Work instructions:
Print the data below exactly, but only the lines from the one containing "ANANAA Adjustable Corduroy" down to the one containing "QR Code Blue", inclusive.

Supplied material:
——

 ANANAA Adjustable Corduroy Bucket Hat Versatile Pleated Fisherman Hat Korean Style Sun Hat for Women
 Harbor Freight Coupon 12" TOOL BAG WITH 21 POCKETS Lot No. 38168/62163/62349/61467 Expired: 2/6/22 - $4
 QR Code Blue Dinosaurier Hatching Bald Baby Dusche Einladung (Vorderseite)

——

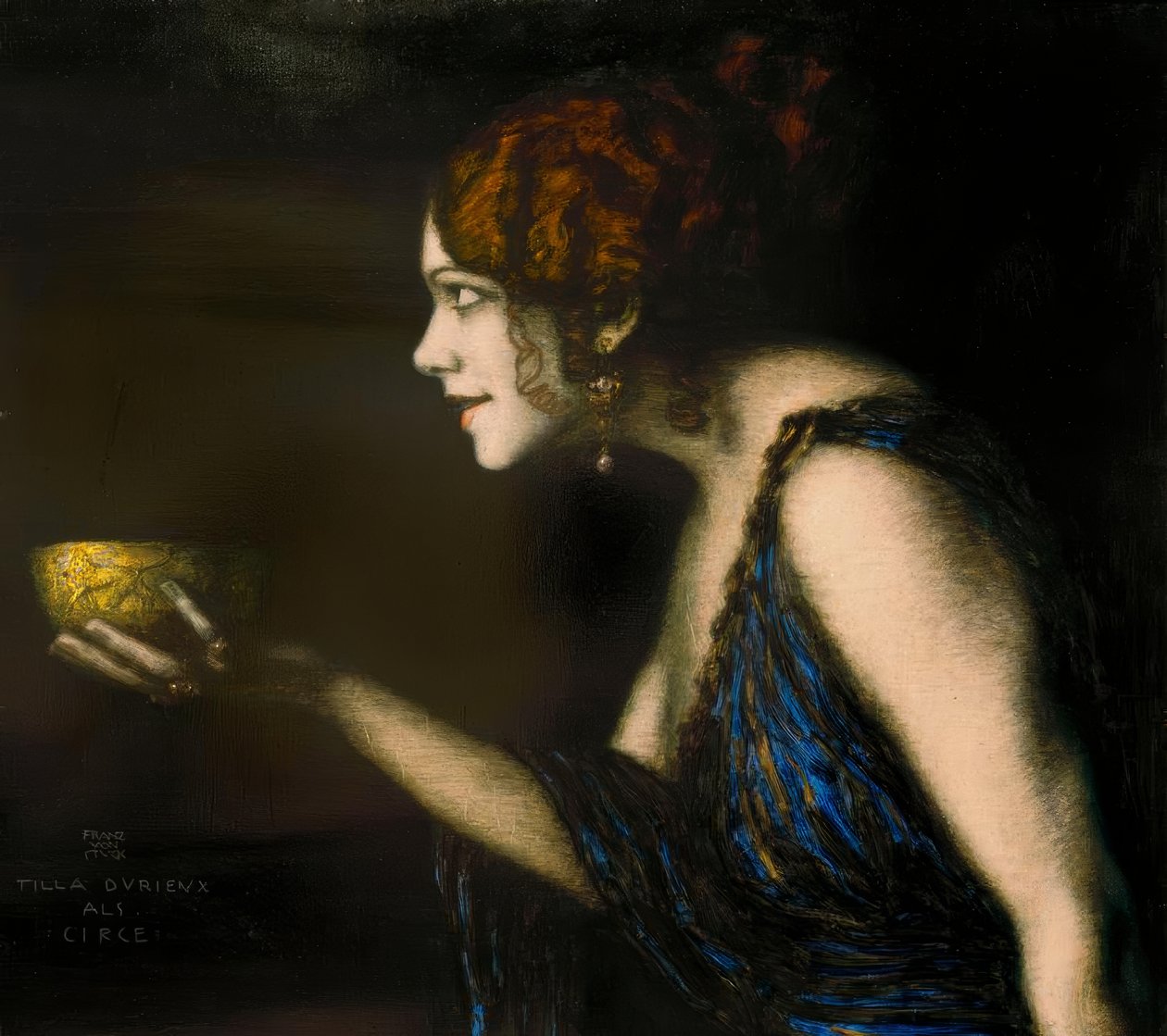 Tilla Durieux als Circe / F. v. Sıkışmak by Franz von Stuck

——

Exercise answer:
 ANANAA Adjustable Corduroy Bucket Hat Versatile Pleated Fisherman Hat Korean Style Sun Hat for Women
 Harbor Freight Coupon 12" TOOL BAG WITH 21 POCKETS Lot No. 38168/62163/62349/61467 Expired: 2/6/22 - $4
 QR Code Blue Dinosaurier Hatching Bald Baby Dusche Einladung (Vorderseite)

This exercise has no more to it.